● **What the task requires**
Take the lines in the listing below from the line with "1960 Ford Thunderbird Convertible V8 352 ci" up to and including the line with "Rear-Loading Garbage Compactor Truck" and set them down exactly, skipping pictures and adding nothing.
___ Record excerpts
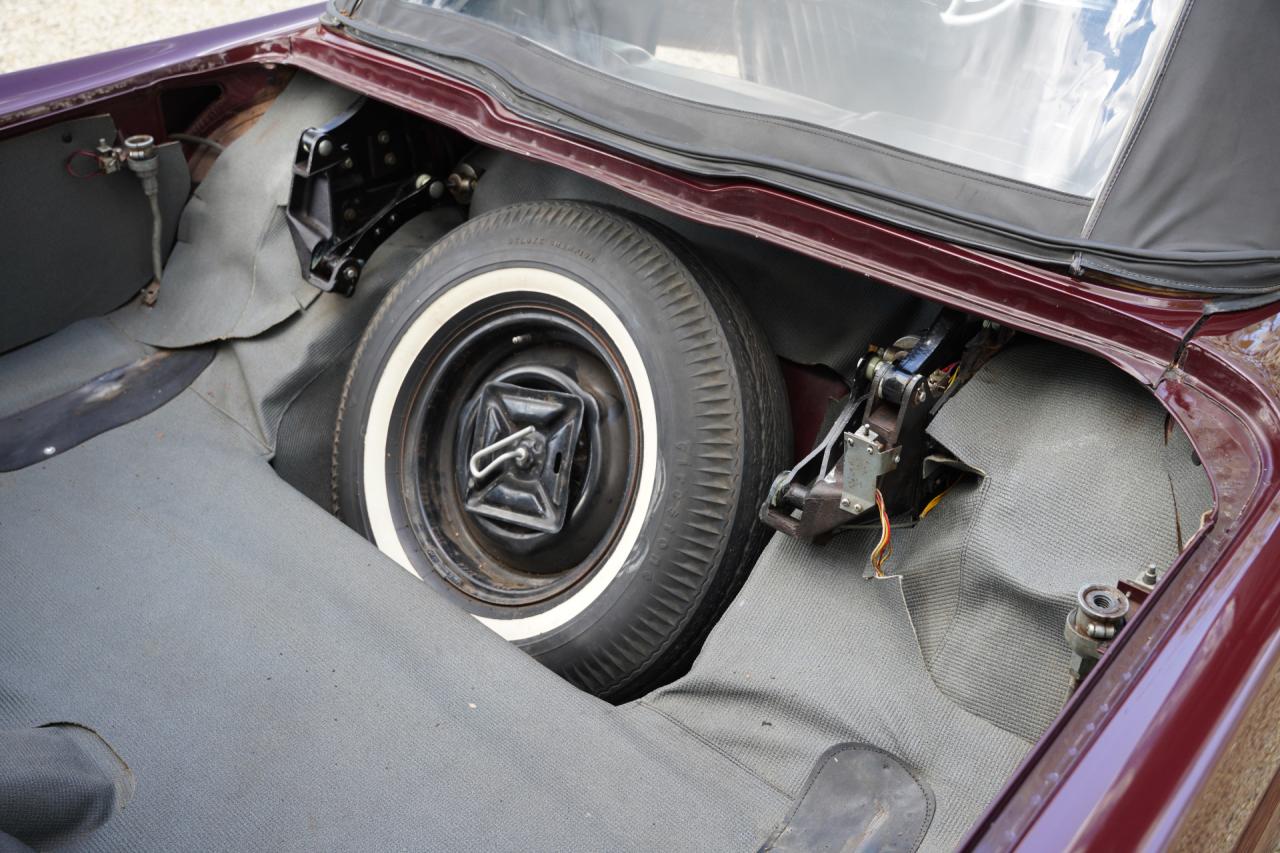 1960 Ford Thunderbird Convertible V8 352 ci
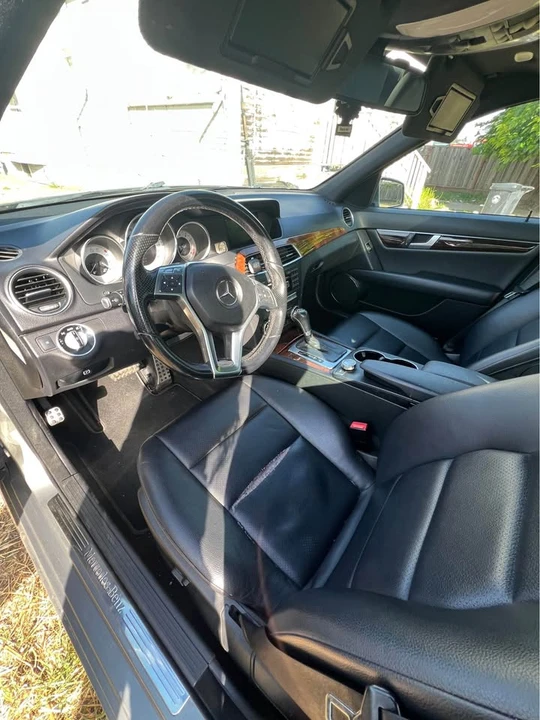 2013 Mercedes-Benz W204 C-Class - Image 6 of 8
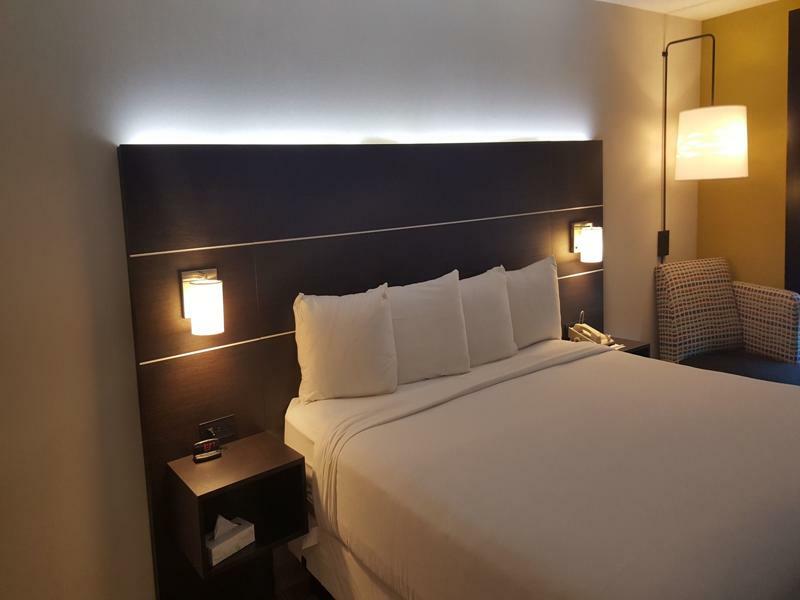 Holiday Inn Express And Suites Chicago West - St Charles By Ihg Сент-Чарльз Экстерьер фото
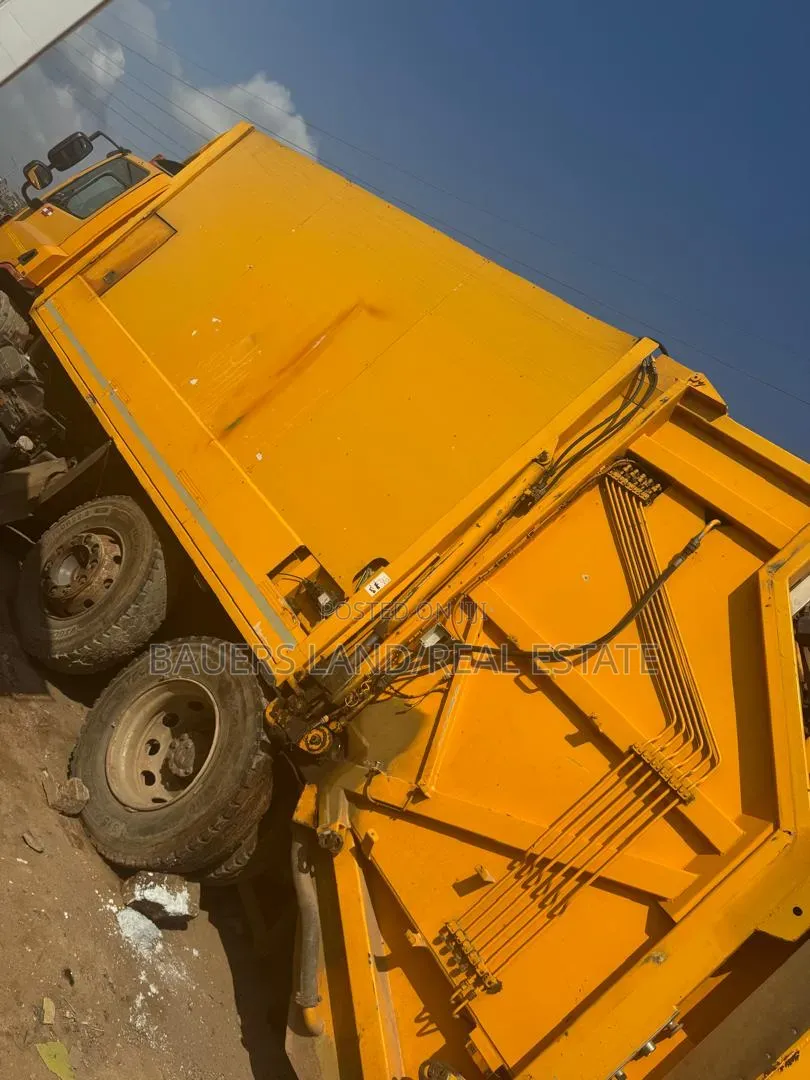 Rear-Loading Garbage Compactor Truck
______
___ Record excerpts
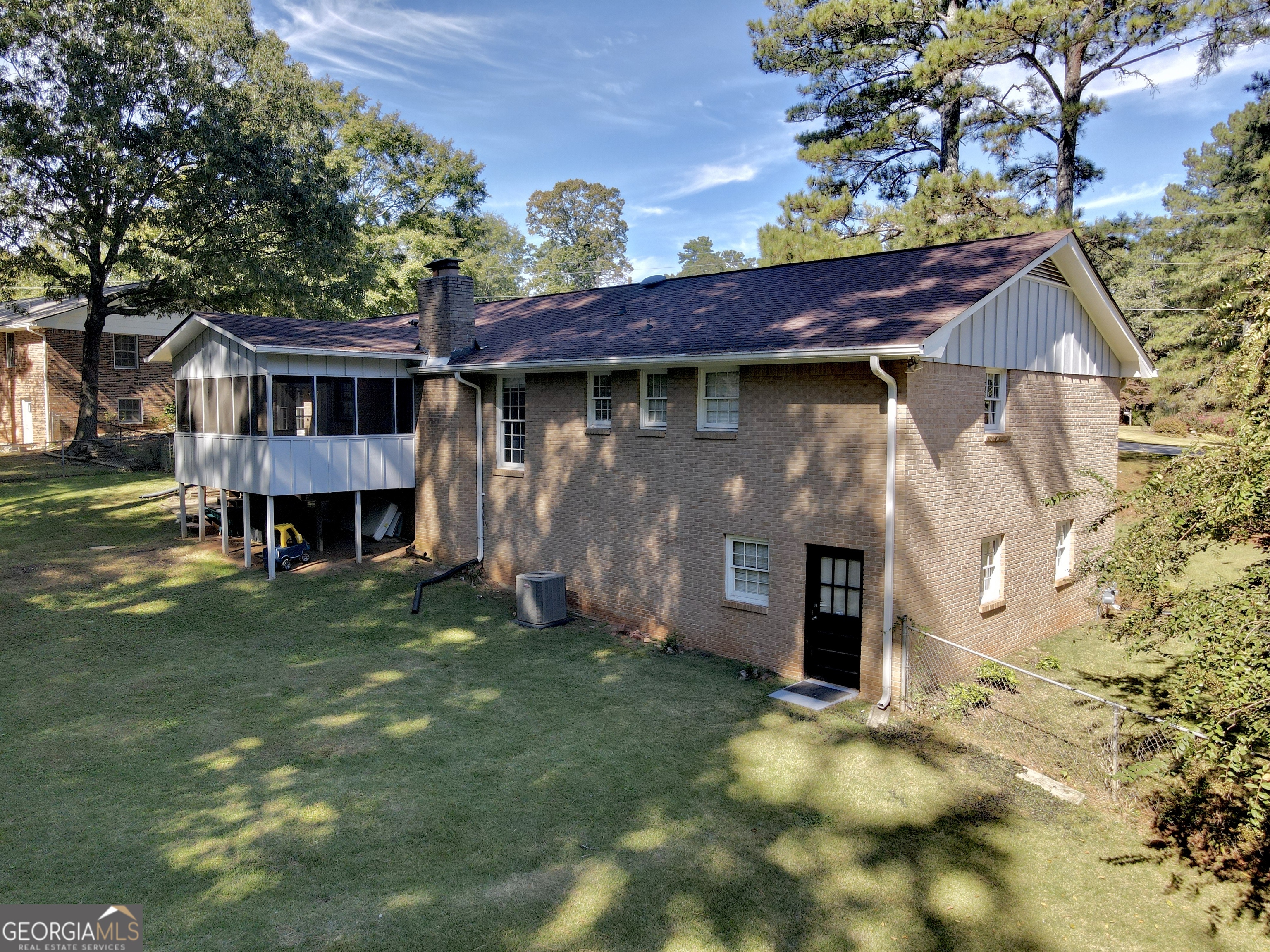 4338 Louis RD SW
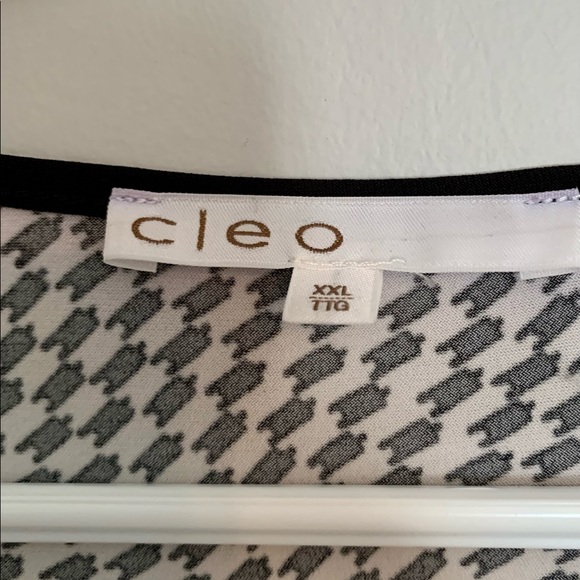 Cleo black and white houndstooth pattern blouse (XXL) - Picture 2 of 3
______
● **Written solution**
 1960 Ford Thunderbird Convertible V8 352 ci
 2013 Mercedes-Benz W204 C-Class - Image 6 of 8
 Holiday Inn Express And Suites Chicago West - St Charles By Ihg Сент-Чарльз Экстерьер фото
 Rear-Loading Garbage Compactor Truck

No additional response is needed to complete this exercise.